Googly eyes can help sell "ugly" produce

In the United States, we waste approximately 30-40% of our food supply, or approximately 133 billion pounds of food. While some of this is caused by storage issues or over-purchasing, up to 20% of produce waste is perfectly good food considered too ugly for Americans to purchase.

Kacy Kim, an associate professor at Bryant University, recently published a study in the journal Psychology & Marketing with an adorable solution to the food waste problem: googly eyes.

As reported in Grist:

Kim's team argues that the problem is that supermarkets, and even "ugly" food specialty companies, are going about it all wrong. It's not about discounting irregular produce to try and get people to buy it, it's about making that produce appealing enough that it doesn't need to be discounted in the first place. That's where the googly eyes come in. 

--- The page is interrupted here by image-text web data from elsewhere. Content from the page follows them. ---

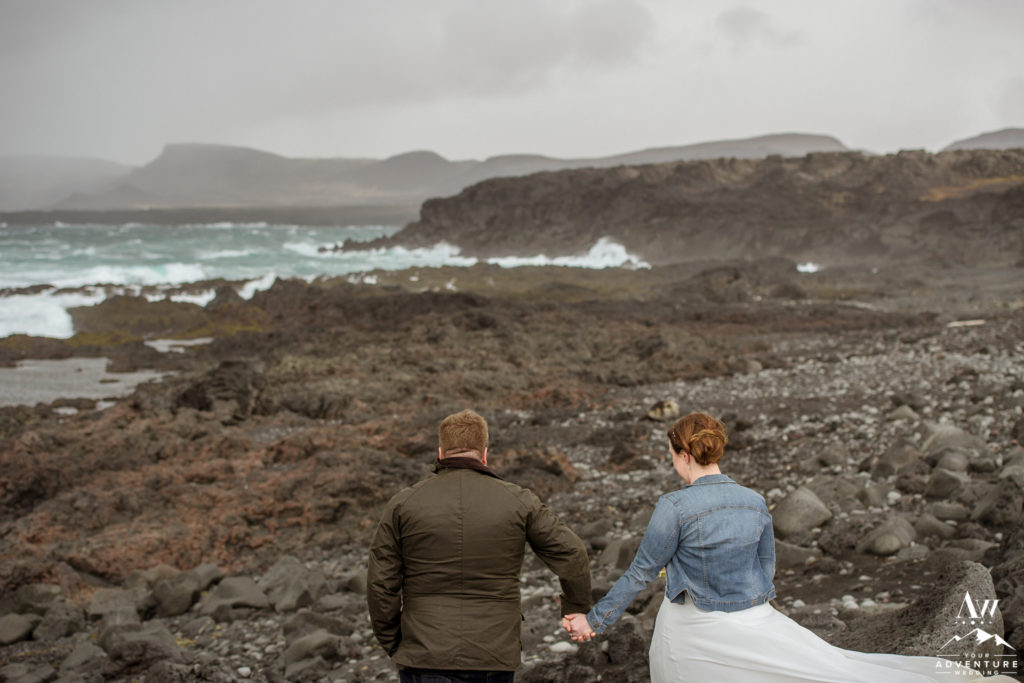 Iceland Elopement Couple exploring a black lava rock beach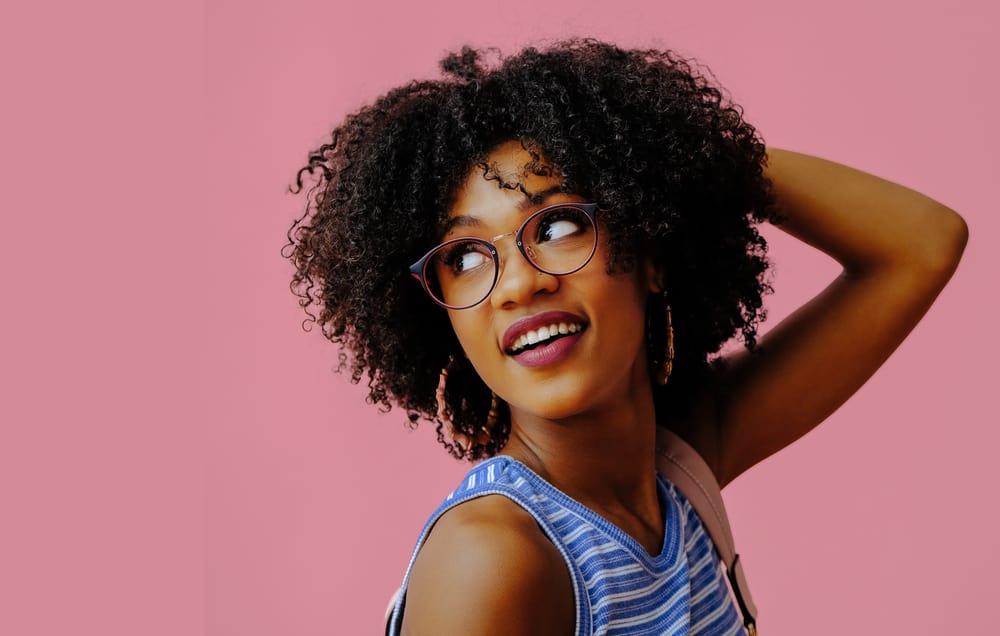 Black lady with 4A curly hair follicles with medium hair thickness on very long hair wearing a blue shirt.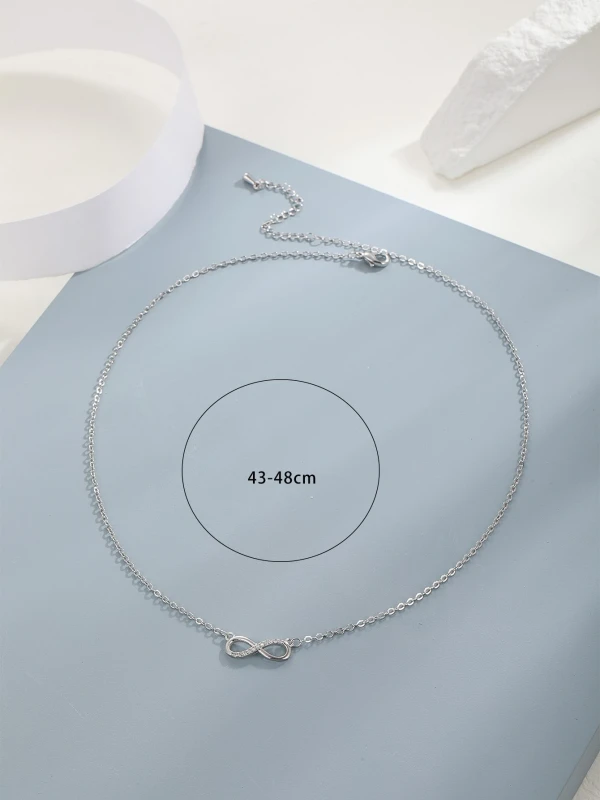 Srebrny naszyjnik z symbolem nieskończoności na cienkim łańcuszku (4).webp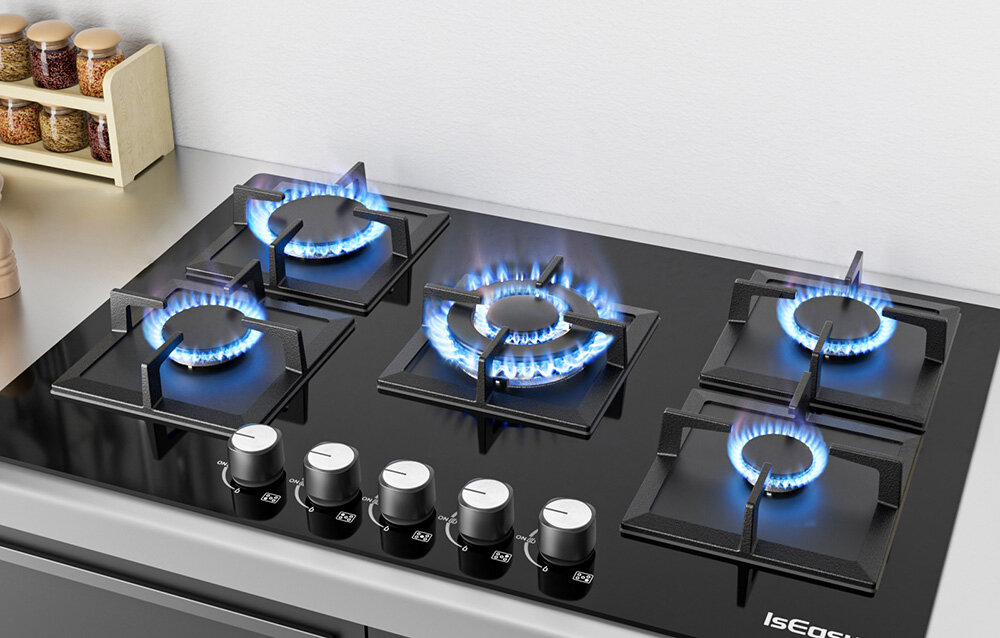 PŁYTA GAZOWA ISEASY MGBG-775S2 Kuchenka z pięcioma zapalonymi palnikami stoi na blacie kuchennym, a płomienie tworzą równy krąg ognia pod naczyniami. Pokrętła sterujące widoczne są na przednim panelu palniki 1kW 1,75kW 2,7kW 3,3kW regulacja mocy elastyczne gotowanie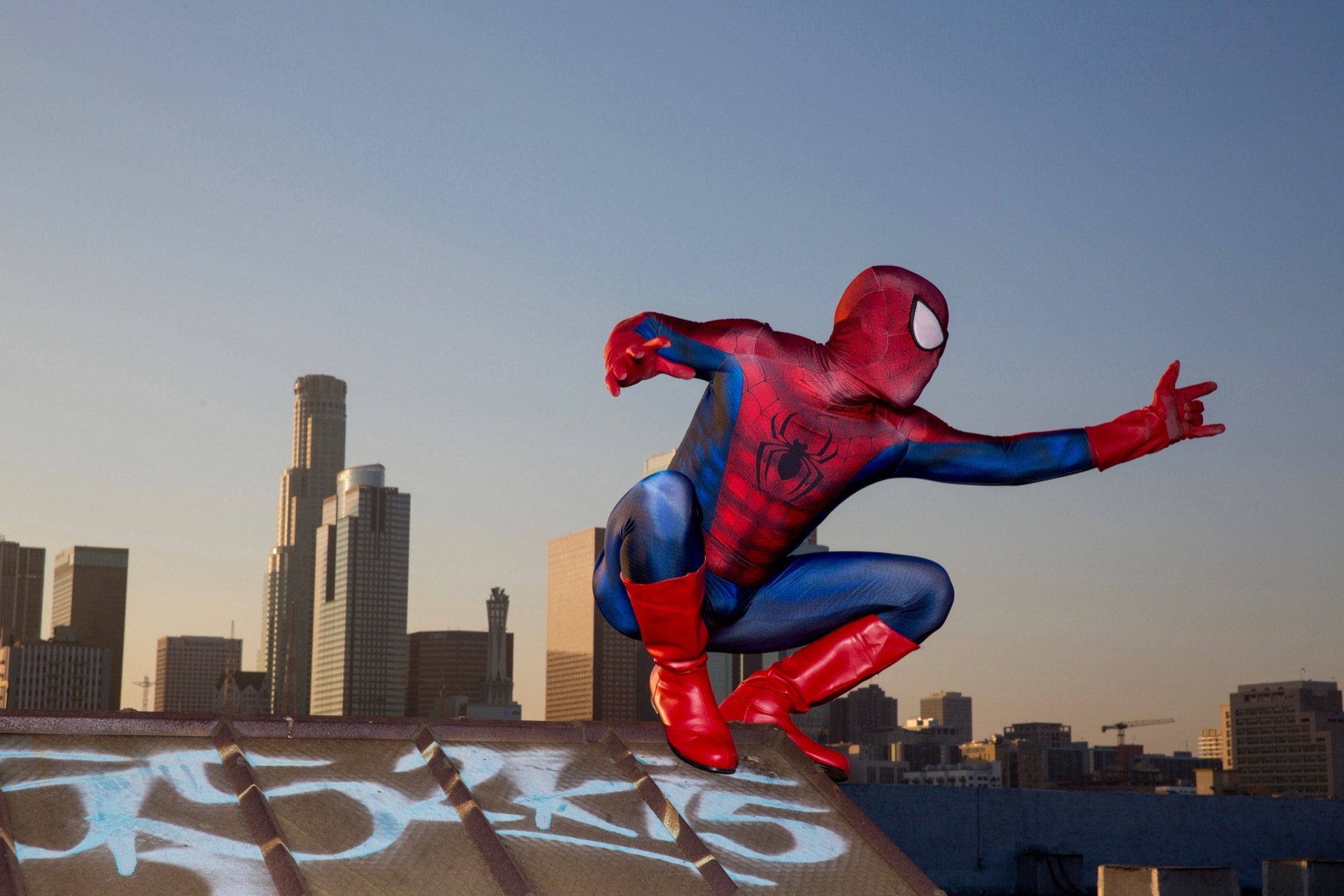 Spider-Man character bringing joy to children at a charitable event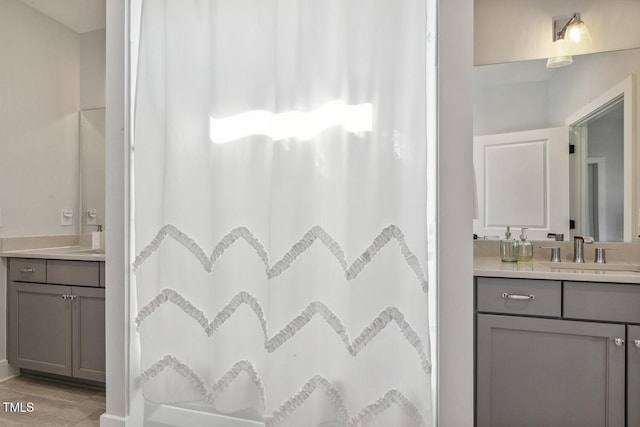 bathroom featuring vanity and a shower with curtain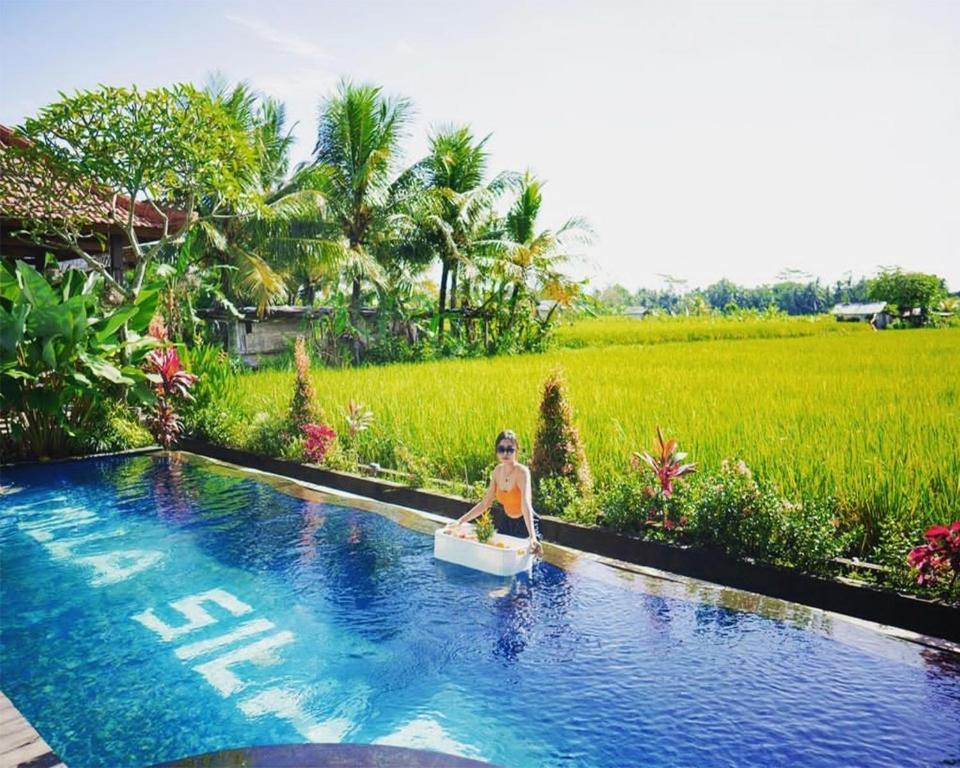 eine Frau, die in einer Badewanne neben einem Pool sitzt in der Unterkunft Villa Silas in Ubud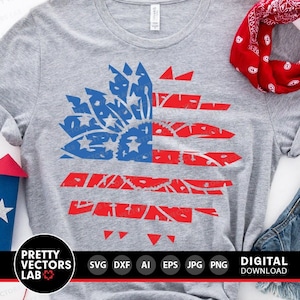 May include: A gray t-shirt with a red, white, and blue American flag design. The flag is made up of small stars and stripes. The design is in the shape of a flower.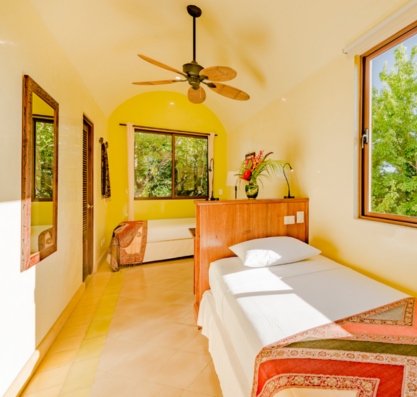 A bedroom with a single bed, wooden headboard, and white bedding, large windows showing trees outside, a ceiling fan, and a small sitting area with a couch and armchair.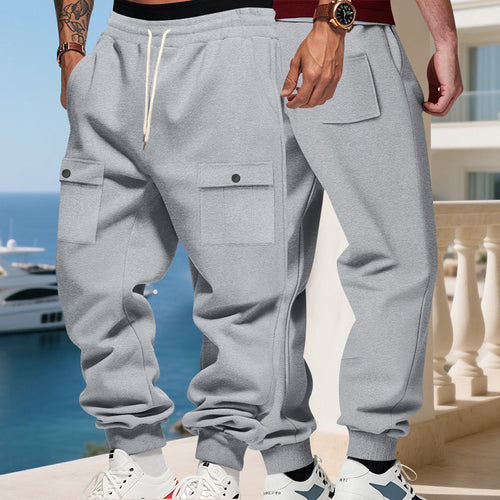 Men's cargo joggers with flap pockets, drawstring waistband, and ribbed ankle cuffs StylebySassy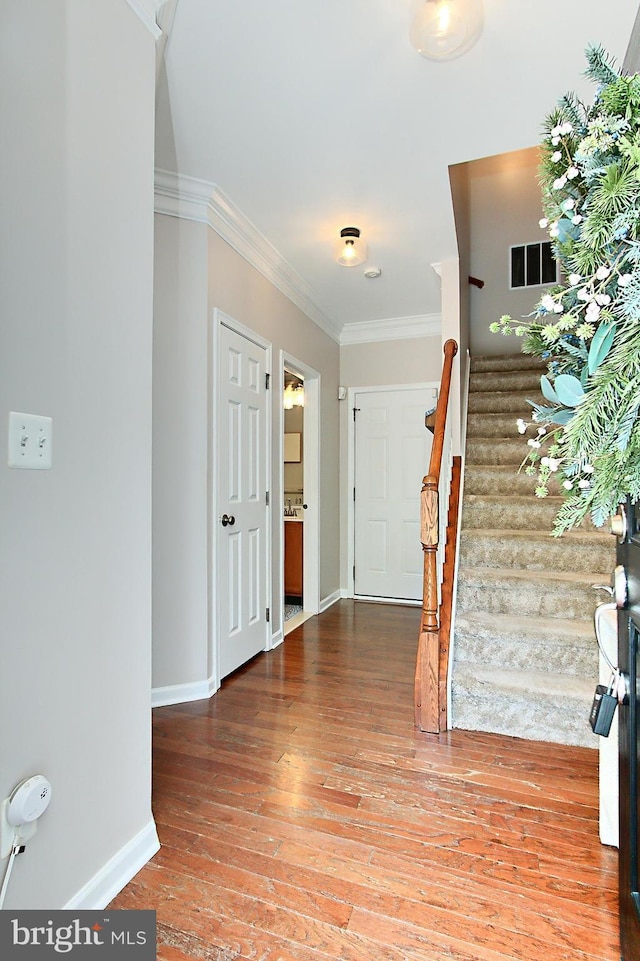 foyer entrance featuring visible vents, stairway, baseboards, wood-type flooring, and ornamental molding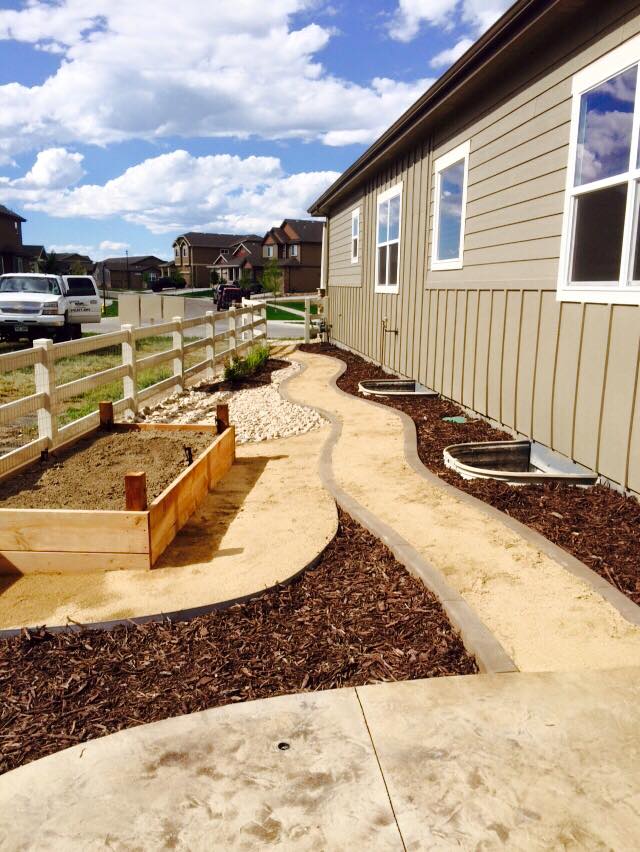 Artistic Escapes  simple contemporary functional wood garden raised bed planter boxes, creating a frame for the organic art created through plants EATON COLORADO landscape design landscape installation garden bed raised garden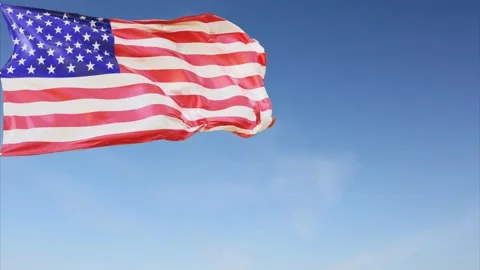 Waving american flag in slow motion, close up - blue sky Stock Footage 148997519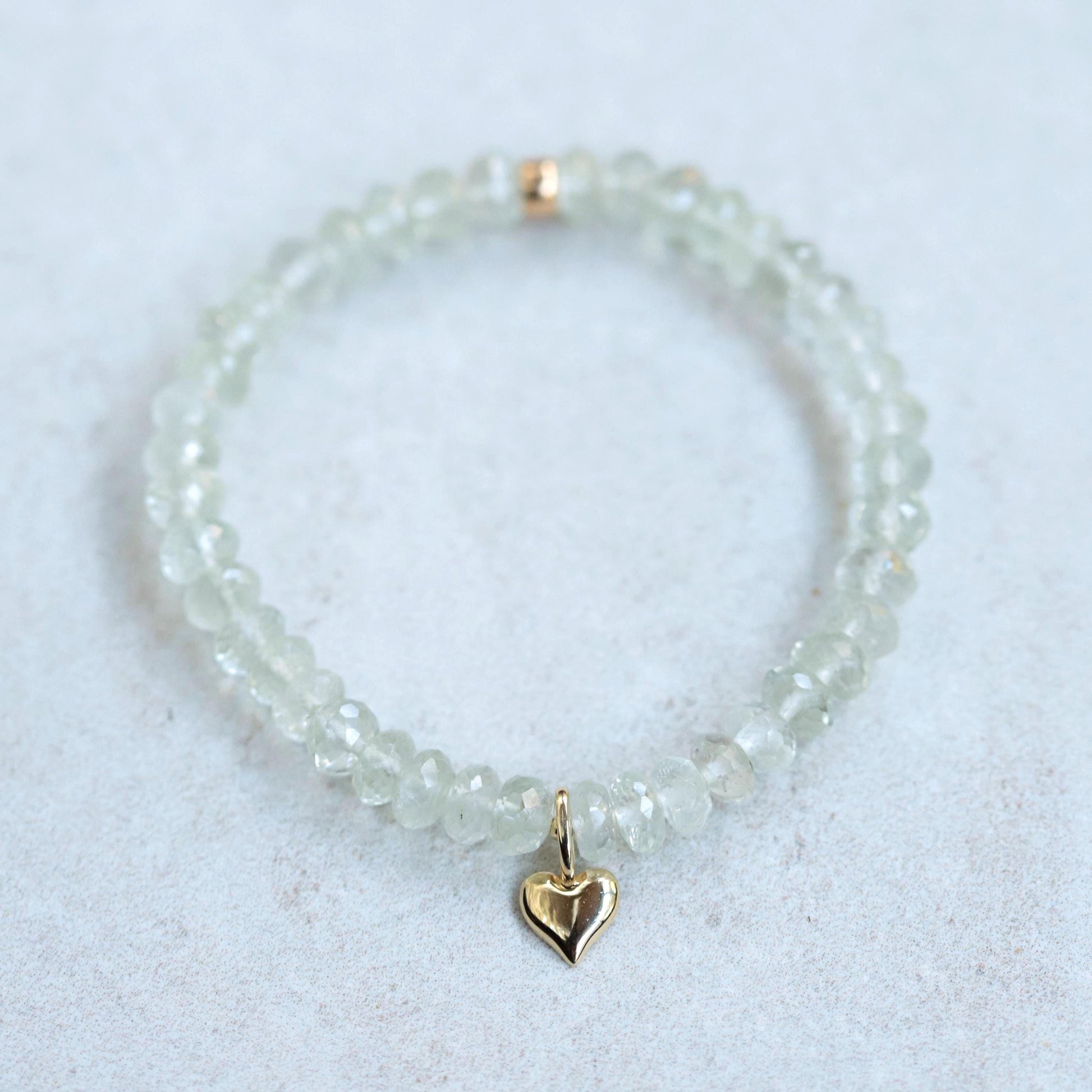 Earthly Abundance Aurelia Heart Bracelet featuring green amethyst gemstones on a delicate chain, showcasing elegant jewelry design.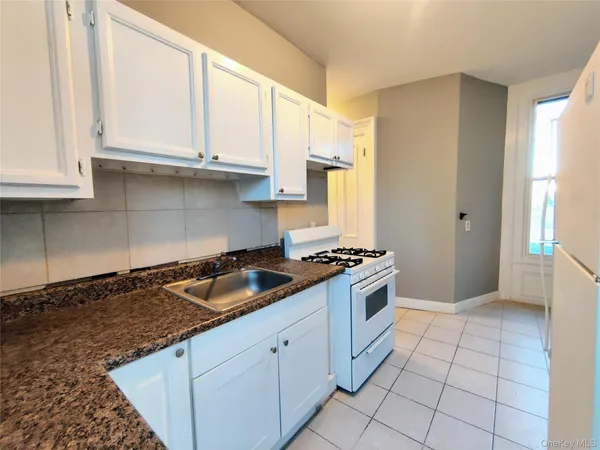 a kitchen with granite countertop a stove sink and cabinets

"By testing and adding some human characteristics, we examine whether that effort will increase the attractiveness of the produce, and [whether] that attractiveness is going to be increasing the purchasing of the produce and consuming of the produce," said Kim.

Kim's team found that giving ugly produce human names like Taylor or Jordan also made it more appealing. Anthropomorphism for the win! While a weird-looking apple named "Jordan" with googly eyes sounds cute, it does raise the question of how to dispose of all the googly eyes.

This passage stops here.